### Exercise:
In the material below, find the line with "Gemstone Mosaic Phone" and the line with "Gingham check half shirt [KNSS07SH01]_Navy". Output exactly those two lines and all lines between them, leaving out pictures.

### Record excerpts:
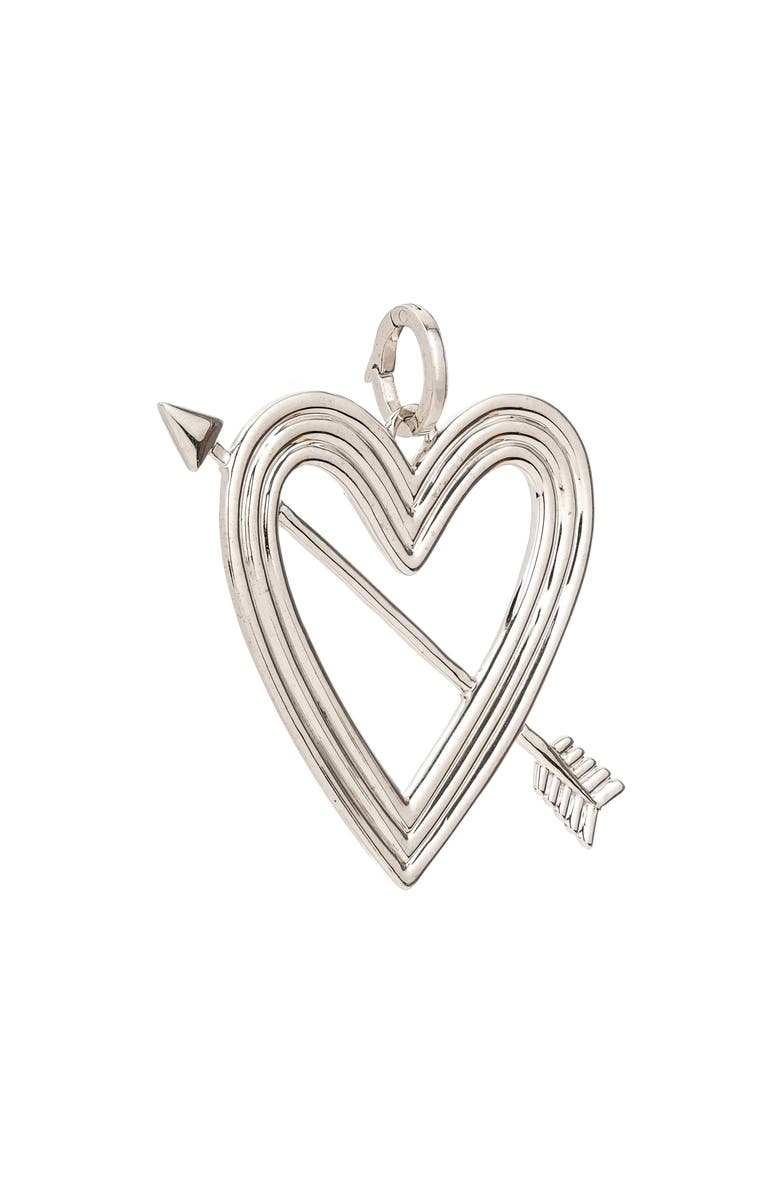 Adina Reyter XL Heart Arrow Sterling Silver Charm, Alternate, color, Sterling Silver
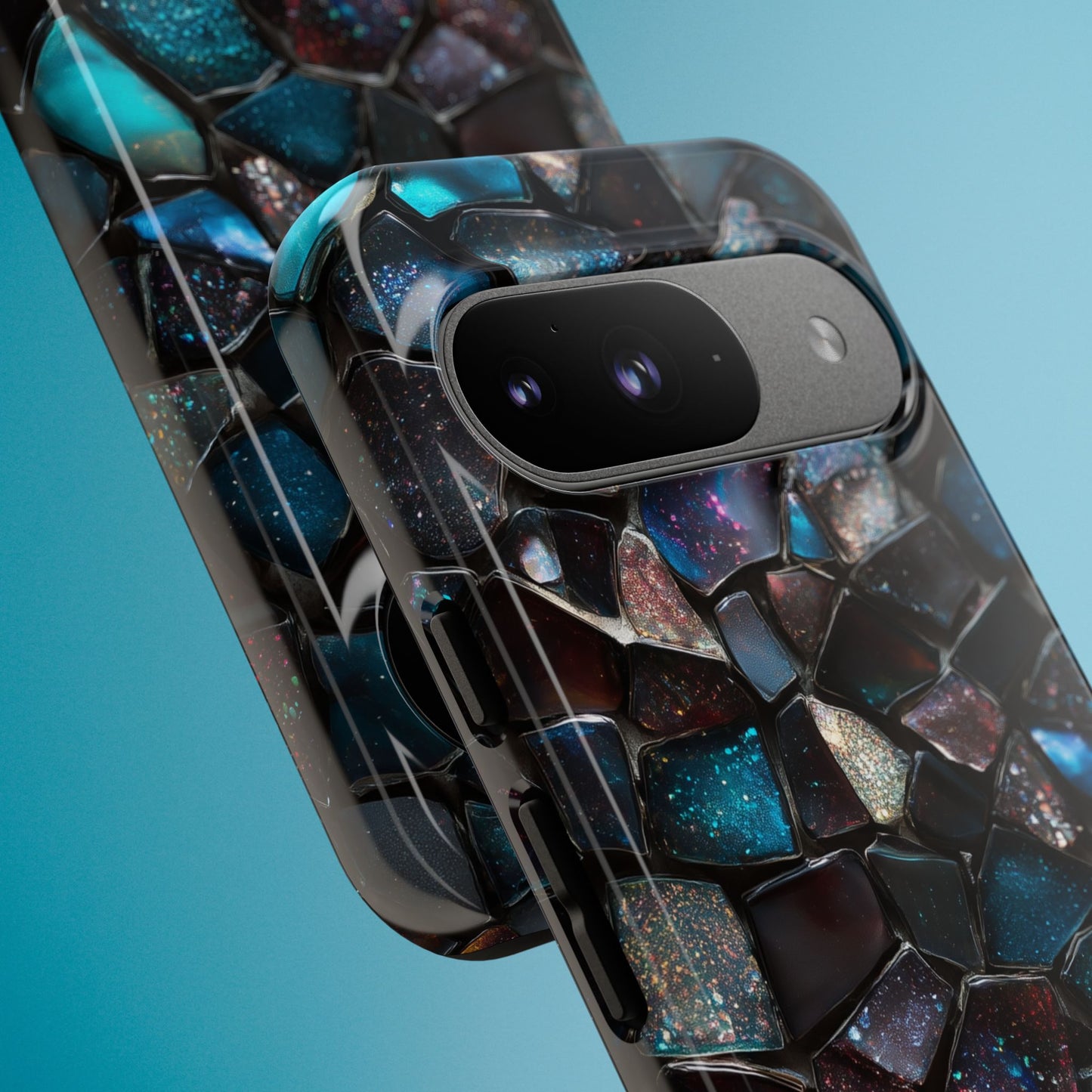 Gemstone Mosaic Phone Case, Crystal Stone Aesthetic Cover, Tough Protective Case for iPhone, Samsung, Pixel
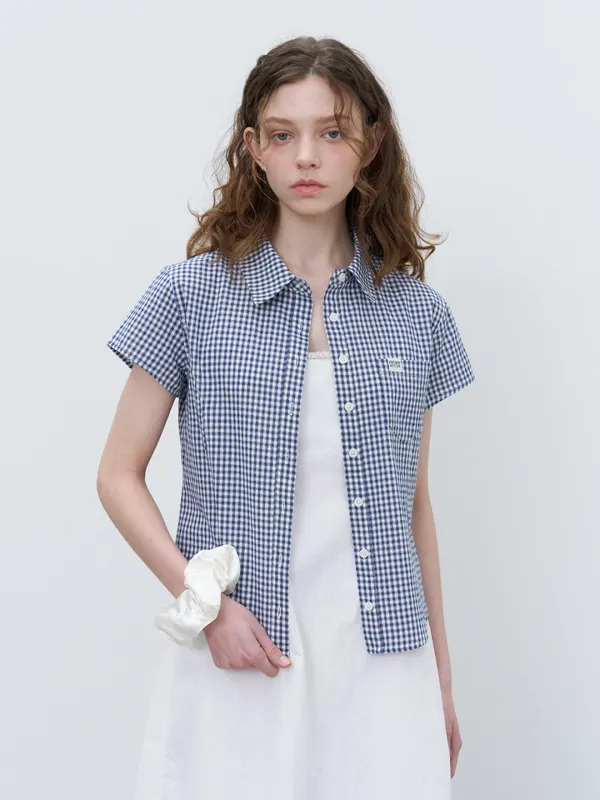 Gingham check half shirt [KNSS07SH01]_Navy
---
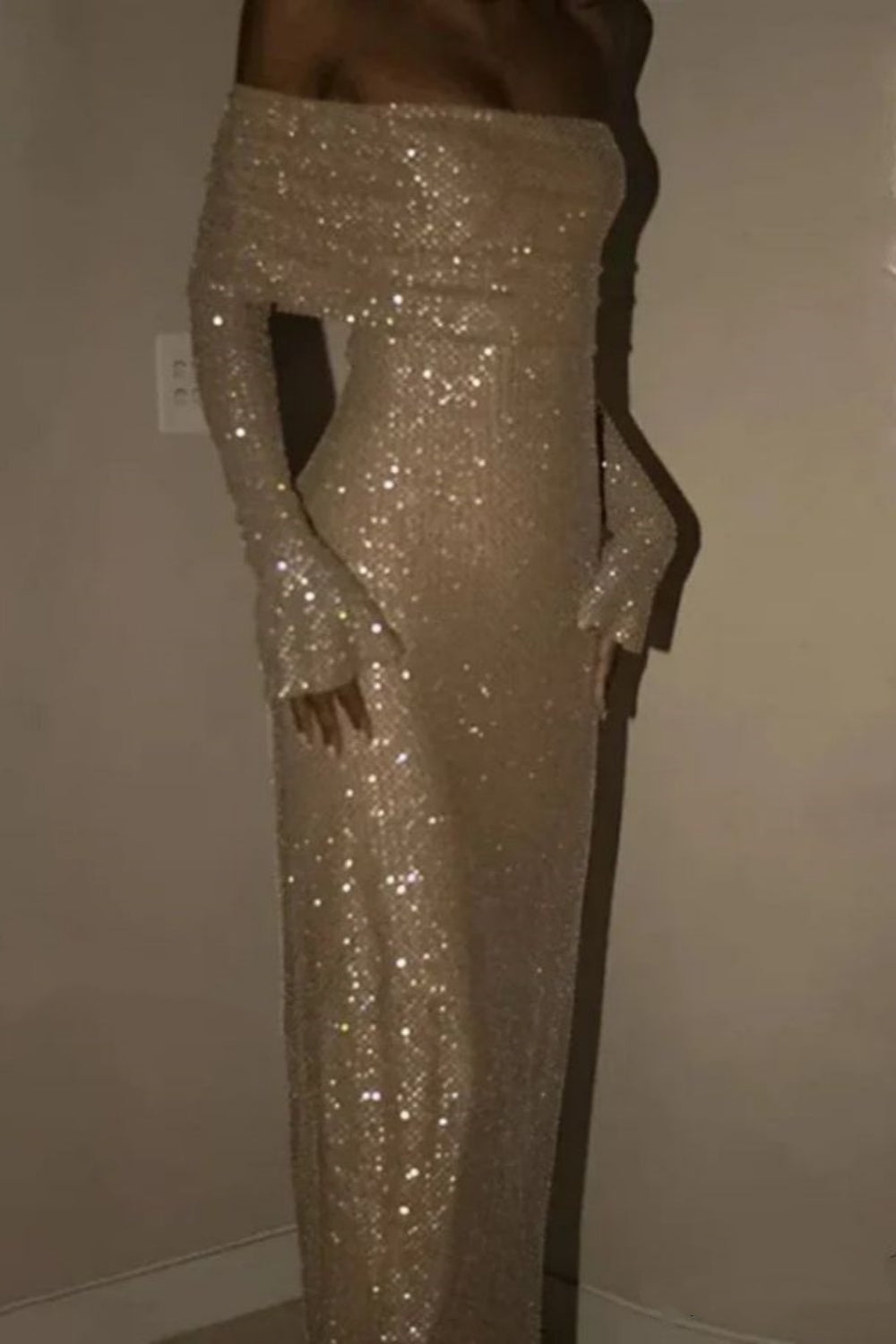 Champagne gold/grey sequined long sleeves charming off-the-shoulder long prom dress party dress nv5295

### Exercise answer:
 Gemstone Mosaic Phone Case, Crystal Stone Aesthetic Cover, Tough Protective Case for iPhone, Samsung, Pixel
 Gingham check half shirt [KNSS07SH01]_Navy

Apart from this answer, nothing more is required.